Unforutnately, the exact cause of a blighted ovum is unknown. However, most experts reason that some sort of chromosomal abnormality with either the egg or sperm prevents normal development from occurring. As a result, your body senses that something is not quite right with the fertilized egg and stops developing it. Many consider this to be your body’s natural way of ensuring a healthy pregnancy and baby.
Although chromosomal abnormalities are suspected, they are not thought to indicative of future problems. Additionally, a blighted ovum usually happens no more than once. Therefore, you will not be referred for genetic testing unless you experience two or more consecutive miscarriages.
In some cases, a blighted ovum may occur in a twin pregnancy. In this instance, one of the fertilized eggs fails to develop properly while the second does. However, the blighted ovum does not interfere with development of the second fertilized egg. In a twin pregnancy, a blighted ovum may also be referred to as a blighted twin.
Signs of a Blighted Ovum
Symptoms of a blighted ovum pregnancy include spotting, cramps, vaginal bleeding as your hCG levels begin to fall, and/or failure to detect a fetal heartbeat by the 12th week of pregnancy. Additionally, an ultrasound showing an empty gestational sac can confirm that you have a blighted ovum.
Treating a Blighted Ovum
Most health care providers agree that it is best to let your body deal with the blighted ovum naturally, which it does most of the time. In some instances, the body may miscarry the pregnancy while in others the body will simply reabsorb the fertilized egg. A reabsorbed egg will likely cause you to experience a heavier than usual period or notice clots in your period. By allowing your body to handle the blighted ovum itself, you can avoid potential scarring thereby ensuring your fertility health.

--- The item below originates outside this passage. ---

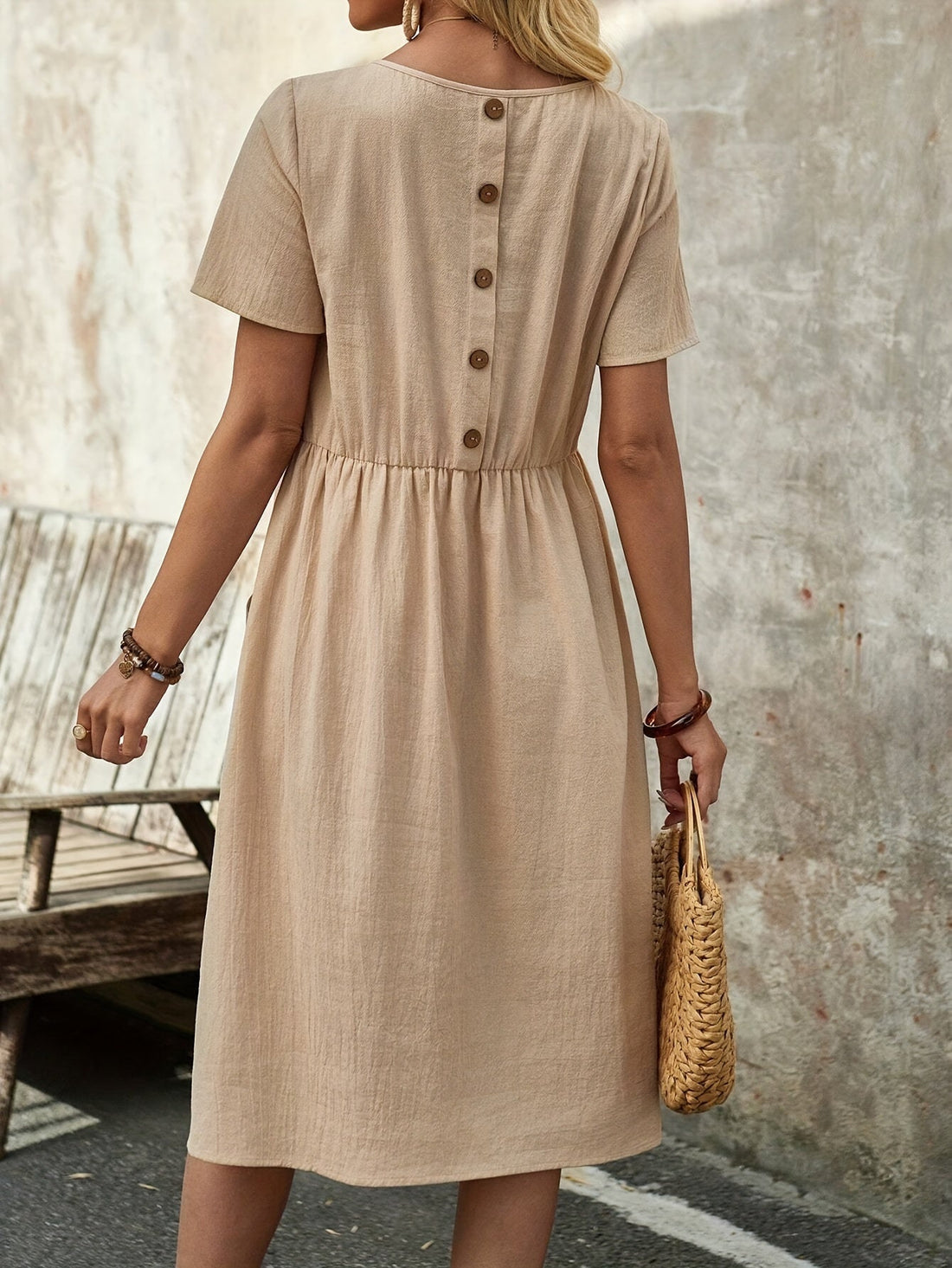 Leira - beige linen dress with buttons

However, once a blighted ovum has been discovered, many women find it far too upsetting to just wait for a miscarriage to occur. In these instances, as well as for women who may have an infection or are experiencing heavy bleeding, it is possible to have either a suction curettage or dilation and curettage (D&C) procedure done.

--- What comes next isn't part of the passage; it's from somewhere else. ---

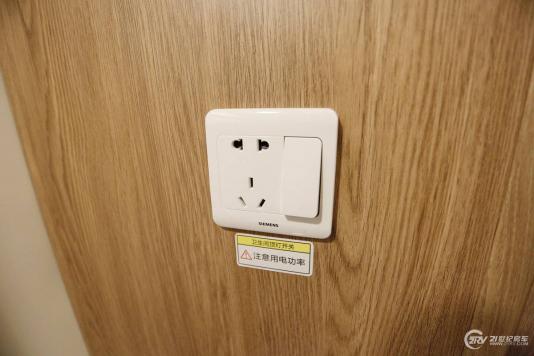 ^(q)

In suction curettage, your doctor will gently vacuum out the products of conception. This may be done under general or local anesthetic. For a D&C, you’re cervix is dilated and the sides of your uterus are scraped down to ensure that all tissue has been removed. Again, anesthetic is usually used. These procedures are done to ensure that you do not suffer from an infection later on. Although both procedures are safe, there is a risk of scarring, which may affect your fertility.
Getting Pregnant Again
Pregnancy after a blighted ovum is usually no problem as a blighted ovum does not affect your fertility. However, most doctors will recommend that you wait anywhere from one to three months before trying to conceive again. You may choose to wait even longer than that, though, as experiencing a miscarriage can be emotionally upsetting. Even if you are physically ready to conceive, you may not be emotionally ready. Take your time to grieve if that is what feels right for you.